Il progetto ebbe un certo seguito, e fu tale a convincere la label a fare un remix dell'album affidandolo al più eclettico produttore house di Filadelfia, King Britt, che fece conoscere l'etichetta ben al di là della cerchia dei jazzofili attirando l'attenzione dei più attenti ascoltatori di musica elettronica e dance.

Visto il successo, perchè non ripetere allora l'esperimento anche per altre città?

Mettere dunque assieme musicisti  di culture musicali e percorsi artisitici diversi, ma chiamati a lavorare insieme all'insegna della massima libertà creativa e improvvisazione. allo scopo di proporre il meglio delle culture musicali delle città americane, rivisto e riproposto all'insegna della contaminazione e fusione dei generi.

E dove realizzare il secdondo capitolo se non a Detroit ? La motor town è sin dagli anni 60 la città che più di tutte ha prodotto il meglio della musica black, dal soul della Motown, al funk di George Clinton, alla techno music della Undergound resistance?

E il gruppo di musicisti chiamato all'opera è davvero di primissima scelta, un ensemble che racchiude il meglio della storia musicale di Detroit: Ron Carter, Geri Allen, Marcus Belgrave, Regina Carter, Amp Fiddler, solo per citare i più noti, chiamati a intepretare brani classici motown o funk, o a improvvisare su materiale creato ex novo.

A coordinare e dirigere il progetto uno dei maestri della scena techno della città: Carl Craig.
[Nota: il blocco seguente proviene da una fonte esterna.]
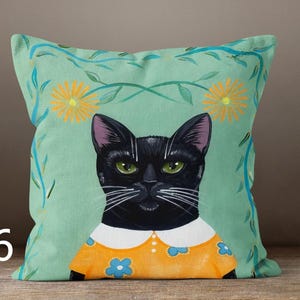 Fundas de almohada con motivos de gatos, decoración para el hogar de otoño e invierno, fundas de cojín para amantes de los gatos, fundas de almohada con ilustraciones de gatos 6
Il lavoro svolto da Carl Craig è stato eccezionale: non solo ha suonato in prima persona testiere e sintetizzatori, ma ha  diretto le session, rieditato e remixato il materiale di 3 giorni di sessions, e dato l'impronta e l'anima al materiale editato sull'album, un album che spazia a 360° in quarant'anni di  musica black, rifiltrandola e ripronendola secondo il gusto e lo stile di uno del più creativo ed eclettico produttore della seconda generazione techno di Detroit.

Ecco dunque il lento ed avvolgente ibrido jazz funk di Space odyssey, il soul di Too High (un classico soul di Stevie Wonder intepretato da uo straordinario Amp Fiddler), il vellutato tappeto jazz di Midnight at the twenty grand, il convulso e trascinante hip hop di The way we make music, il bellissimo duetto per violino e piano There is a God di Geri Allen e Regina Carter

L'apice dell'album,  il brano che rappresenta davvero la summa dell'esperimento detroitiano, è però Think twice: un brano che ha una dinamica ritmica da brivido, in continuo ed incessante crescendo e tensione: basso funk a tirare la volata, svolgimento fusion tra piano elettrico di rinforzo all'impianto ritmico e assoli di chitarra e sax prima che anch'essi tornino a innalzare il climax dinamico, innesti di sintetizzatore che portano l'ascoltatore a tirare il fiato perchè l'adrenalina dell'ascolto è al massimo.

Un disco di nicchia, un perfetto esempio di ibridazione e contaminazione: a distanza di 4-5 anni dalla sua uscita ancora non smetto di ascoltarlo.

Non è facile da reprire, io l'ho comprato su Amazon, ma per chi ama i territori musicali più creativi e meno banali ne vale davvero la pena.